Вечером Кент рассказал своей Блондинке о разговоре с вдовствующей принцессой. Маргарет порадовалась, что Винсенте отказался бежать, и заметно огорчилась, что он не принял предложение стать управляющим в Латинской Америке. По всему было видно, что идея руководить фермой ей пришлась по душе, а вот перспектива жить в России по-прежнему пугала.
– Знаешь, эта Изабелла очень душевный человек, – убеждала Маргарет, – и, кстати, она очень богата. Она пообещала, что всегда будет заботиться обо мне и Мишеле. Если нам будет трудно.
Прошло еще несколько дней, и в католической церкви Гота состоялась церемония крещения Мишеля. Обряд проходил в присутствии охранников. Маргарет из-за сломанной ноги в церковь не пошла, были Кент и Изабелла. Госпожа Русполи стала крестной матерью мальчика.
Через пару недель идиллия в лагере-пансионате была нарушена начавшимися бомбежками. Налеты совершала авиация союзных войск. Сначала изредка, потом все чаще и чаще. В подвале дома, где жили интернированные, оборудовали бомбоубежище. На случай бомбежек Маргарет приготовила пакет с вещами первой необходимости и едой для Мишеля. В гипсе и на костылях спускаться в подвал по крутой лестнице она не могла.
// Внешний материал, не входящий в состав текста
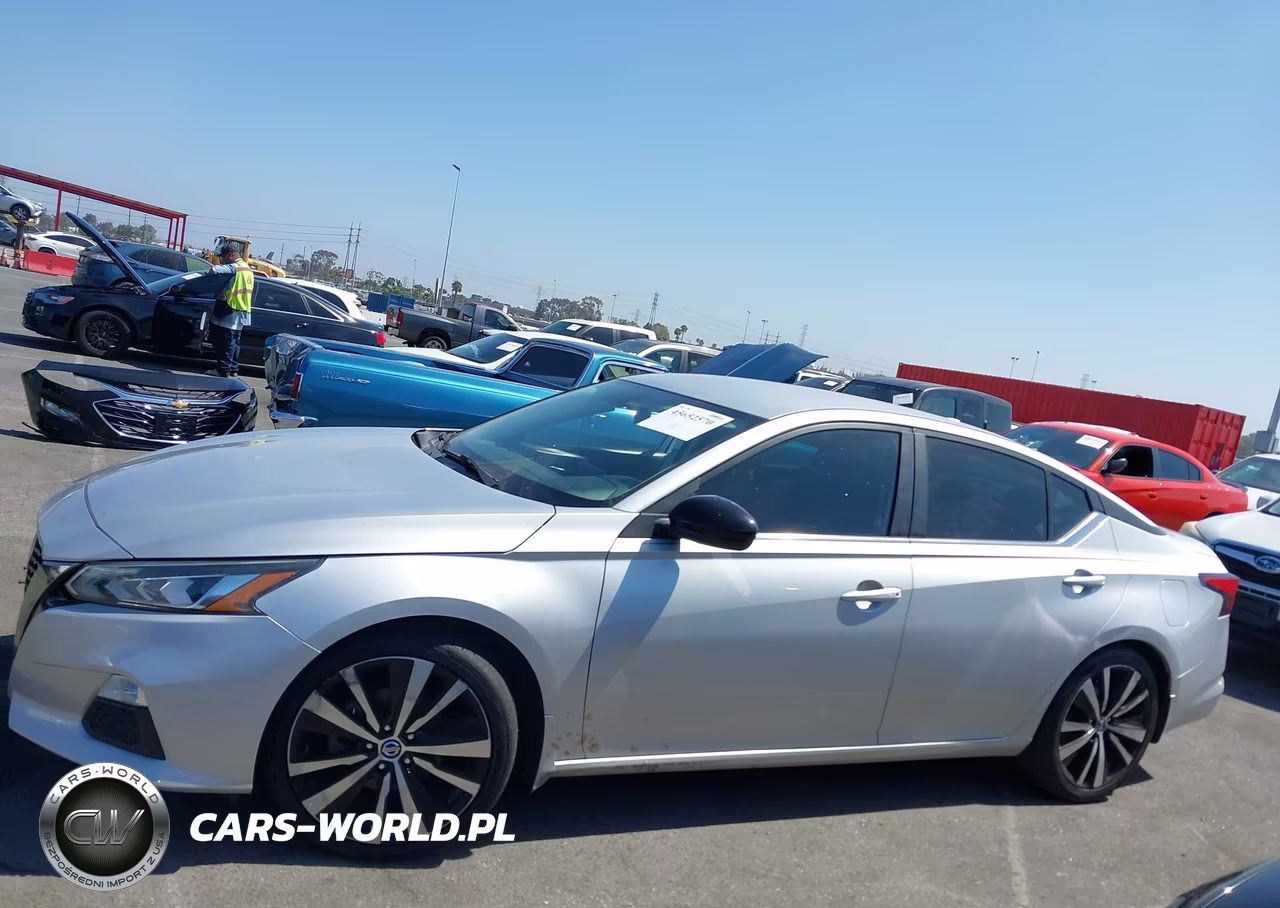 2019 Nissan Altima 2.5 Sr VIN:1N4BL4CV6KC106636 - 13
Кент хватал в охапку сына и его «приданное» и стремглав мчался в бомбоубежище. Маргарет оставалась в доме. Вернувшись, ему долго приходилось успокаивать свою Блондинку, которая каждый раз встречала их со слезами и была близка к истерике от пережитого ужаса. Но что поделаешь, это война. Через какое-то время, чтобы не спускаться по крутой лестнице, они придумали в случае бомбежки втроем прятаться в ближнем лесу. Кент брал Мишеля на руки, в коляску укладывали вещи и еду, которые могут понадобиться на первое время, если дом разрушат, а Маргарет вместе с мужем и сыном бежала в лес, опираясь руками на ручку коляски. Было очень больно и неудобно, но зато они были все вместе. И радовались, что в очередной раз остались живы.
Никакой информации о том, как развиваются события в Германии и во всей Европе, у интернированных не было: ни радио, ни газет. С охранниками никто не общался. Во-первых, они ничего бы все равно не рассказали. А во-вторых, они, скорее всего, сами толком не понимали, что происходит.
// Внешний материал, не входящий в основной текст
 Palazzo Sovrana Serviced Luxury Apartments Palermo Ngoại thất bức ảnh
Месяц пролетел незаметно. Прошло еще несколько дней. Паннвиц не давал о себе знать. У Кента зародились сомнения, не передумал ли гауптштурмфюрер СС сдаваться советской разведке. Или, может быть, его предали или разоблачили и ему сейчас не до Кента? В таком случае, идея с Латинской Америкой может стать единственной возможностью сохранить жизнь. Кент начал, не спеша, обсуждать эту тему сначала с Маргарет, а потом уже и с Изабеллой Русполи.
Прошло еще несколько недель. И вот у дома, где, Кент жил со своей семьей, остановился автомобиль. За рулем сидел Хейнц Паннвиц, на заднем сиденье – фройляйн Кемпа и Стлука. Кент искренне обрадовался гостям и сразу забыл про все свои планы, связанные с сельскохозяйственными угодьями.